# Post Tuning Tools

For post tuning formats, we mainly consider 4 formats to support [ModelScope-Swift](https://github.com/modelscope/ms-swift/blob/main/docs/source_en/Customization/Custom-dataset.md) and [LLaMA-Factory](https://github.com/hiyouga/LLaMA-Factory/blob/main/data/README.md).

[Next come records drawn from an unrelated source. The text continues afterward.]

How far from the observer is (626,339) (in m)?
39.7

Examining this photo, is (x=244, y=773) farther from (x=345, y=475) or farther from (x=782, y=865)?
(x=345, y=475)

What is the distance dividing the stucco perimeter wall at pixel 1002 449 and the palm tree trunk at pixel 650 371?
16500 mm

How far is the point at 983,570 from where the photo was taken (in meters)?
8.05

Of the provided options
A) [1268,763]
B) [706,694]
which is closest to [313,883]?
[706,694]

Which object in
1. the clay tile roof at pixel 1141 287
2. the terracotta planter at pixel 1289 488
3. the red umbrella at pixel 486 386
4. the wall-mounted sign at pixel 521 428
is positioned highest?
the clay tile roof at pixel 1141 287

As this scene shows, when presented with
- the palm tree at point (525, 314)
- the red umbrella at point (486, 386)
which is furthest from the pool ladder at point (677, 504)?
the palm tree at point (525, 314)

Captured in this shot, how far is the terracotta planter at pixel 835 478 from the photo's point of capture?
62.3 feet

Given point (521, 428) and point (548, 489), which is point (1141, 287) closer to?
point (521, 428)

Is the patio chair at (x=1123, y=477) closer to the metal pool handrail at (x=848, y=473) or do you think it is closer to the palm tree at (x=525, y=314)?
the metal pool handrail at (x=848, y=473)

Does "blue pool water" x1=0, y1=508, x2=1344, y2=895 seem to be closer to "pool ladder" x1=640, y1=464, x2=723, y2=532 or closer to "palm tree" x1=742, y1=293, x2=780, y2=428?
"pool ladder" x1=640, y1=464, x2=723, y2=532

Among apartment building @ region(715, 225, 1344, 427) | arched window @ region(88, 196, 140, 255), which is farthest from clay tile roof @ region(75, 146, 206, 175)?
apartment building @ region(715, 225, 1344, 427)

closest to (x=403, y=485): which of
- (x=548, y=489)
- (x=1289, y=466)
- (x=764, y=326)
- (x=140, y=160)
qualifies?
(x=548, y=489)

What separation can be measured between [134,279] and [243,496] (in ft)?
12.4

- Swift's Messages format (Very similar to the LLaMA-Factory's ShareGPT format, with different key names):

```python
{
  "messages": [
    {
      "role": "system",
      "content": "<system>"
    },
    {
      "role": "user",
      "content": "<query1>"
    },
    {
      "role": "assistant",
      "content": "<response1>"
    },
    {
      "role": "user",
      "content": "<query2>"
    },
    {
      "role": "assistant",
      "content": "<response2>"
    }
  ]
}
```

- Swift's ShareGPT format:

```python
{
  "system": "<system>",
  "conversation": [
    {
      "human": "<query1>",
      "assistant": "<response1>"
    },
    {
      "human": "<query2>",
      "assistant": "<response2>"
    }
  ]
}
```

- Alpaca format (used in the same definition in Swift and LLaMA-Factory):

```python
{
  "system": "<system>",
  "instruction": "<query-inst>",
  "input": "<query-input>",
  "output": "<response>"
}
```

- Swift's Query-Response format:

```python
{
  "system": "<system>",
  "query": "<query2>",
  "response": "<response2>",
  "history": [
    [
      "<query1>",
      "<response1>"
    ]
  ]
}
```

In Data-Juicer, we pre-set fields to align with the last two formats (Alpaca and Query-Response), which serves as our intermediate format for post-tuning dialog datasets. Correspondingly, we provide several tools to convert datasets in other formats to the following DJ format and vice versa.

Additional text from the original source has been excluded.